* [Brief descriptive captions]

------------------------------------------------------------

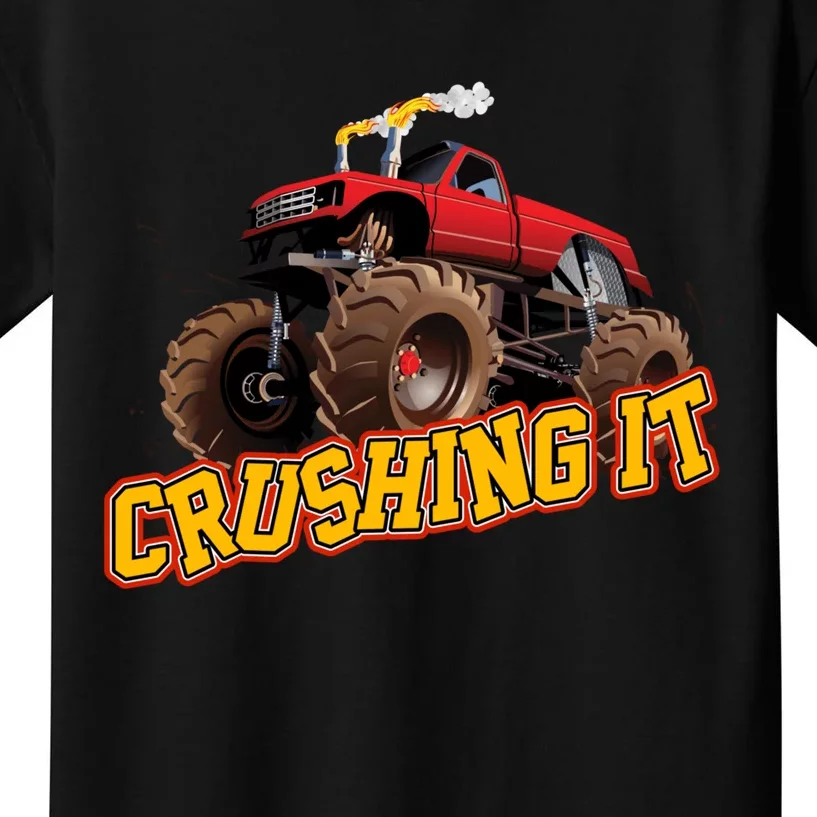 Monster Truck Crushing It Kids T-Shirt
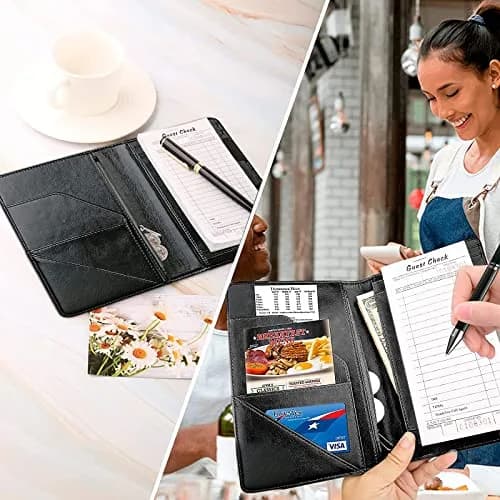 JANENFNA Server Books for Waitress with 7 Large Pockets | Pink Cow Prints, PU Leather, 7.5x5 inch thumbnail 7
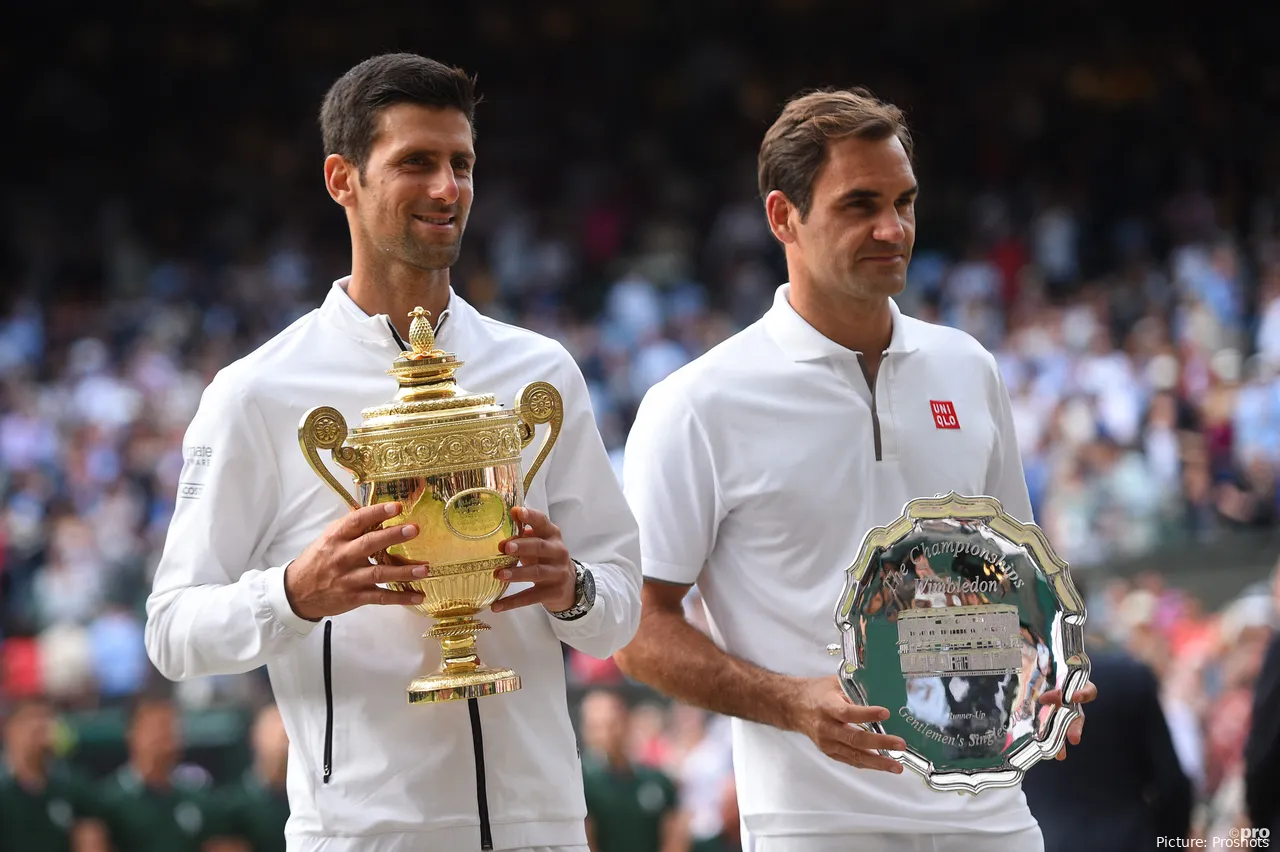 Roger Federer and Novak Djokovic Wimbledon Championships 2019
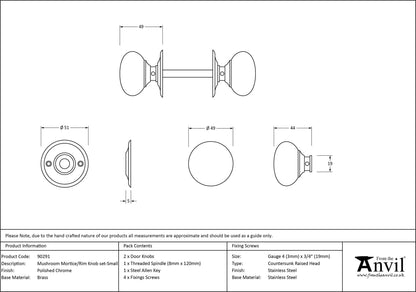 MUSHROOM MORTICE/RIM KNOB 49x44x51 PCP - 90291 by MARCHES (ANVIL) ARCHITECTURAL HARDWARE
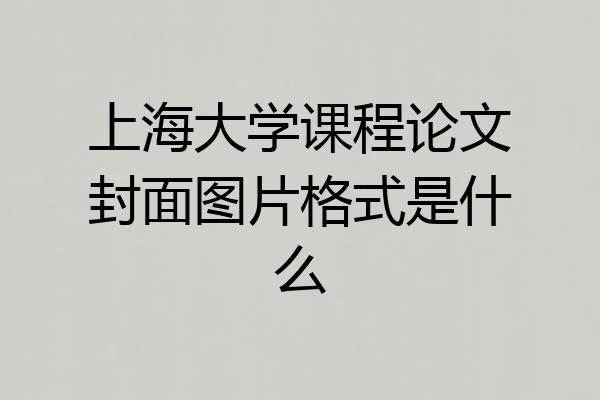 上海大学课程论文封面图片格式是什么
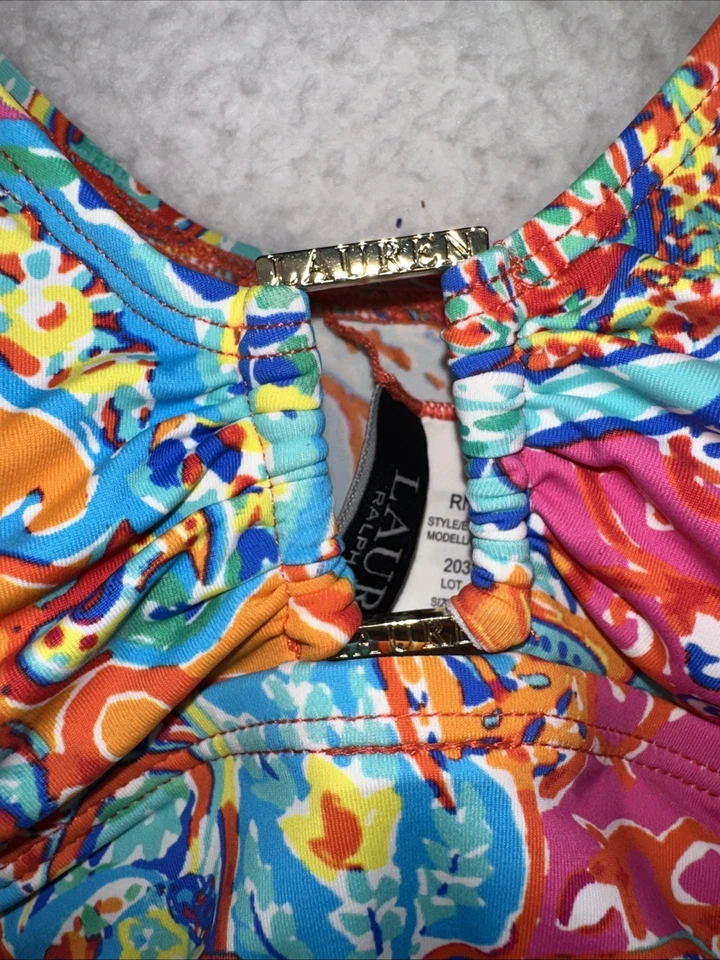 Ralph Lauren Amara Womens Printed Tummy Control Underwire Tankini Swim Paisley - Image 2 of 4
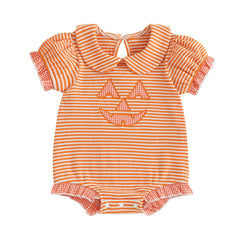 Baby Girl Short Sleeve, Doll Collar & Striped Print Halloween Onesie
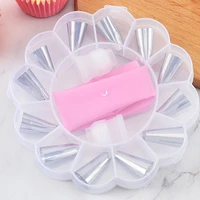 12pcs stainless steel cake nozzles set icing piping cream pastry bag flower mouth diy baking cupcake dessert decoration tools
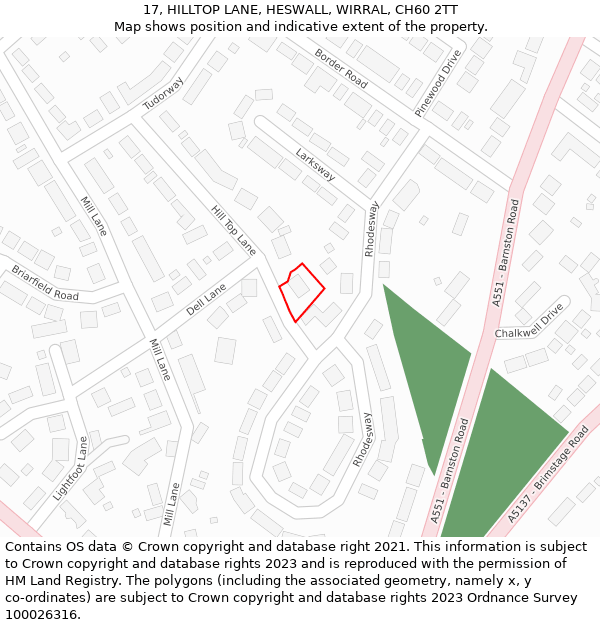 17, HILLTOP LANE, HESWALL, WIRRAL, CH60 2TT: Location map and indicative extent of plot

------------------------------------------------------------

The copy should match the records above exactly, except that pictures are dropped.

* [Exercise answer]
 Monster Truck Crushing It Kids T-Shirt
 JANENFNA Server Books for Waitress with 7 Large Pockets | Pink Cow Prints, PU Leather, 7.5x5 inch thumbnail 7
 Roger Federer and Novak Djokovic Wimbledon Championships 2019
 MUSHROOM MORTICE/RIM KNOB 49x44x51 PCP - 90291 by MARCHES (ANVIL) ARCHITECTURAL HARDWARE
 上海大学课程论文封面图片格式是什么
 Ralph Lauren Amara Womens Printed Tummy Control Underwire Tankini Swim Paisley - Image 2 of 4
 Baby Girl Short Sleeve, Doll Collar & Striped Print Halloween Onesie
 12pcs stainless steel cake nozzles set icing piping cream pastry bag flower mouth diy baking cupcake dessert decoration tools
 17, HILLTOP LANE, HESWALL, WIRRAL, CH60 2TT: Location map and indicative extent of plot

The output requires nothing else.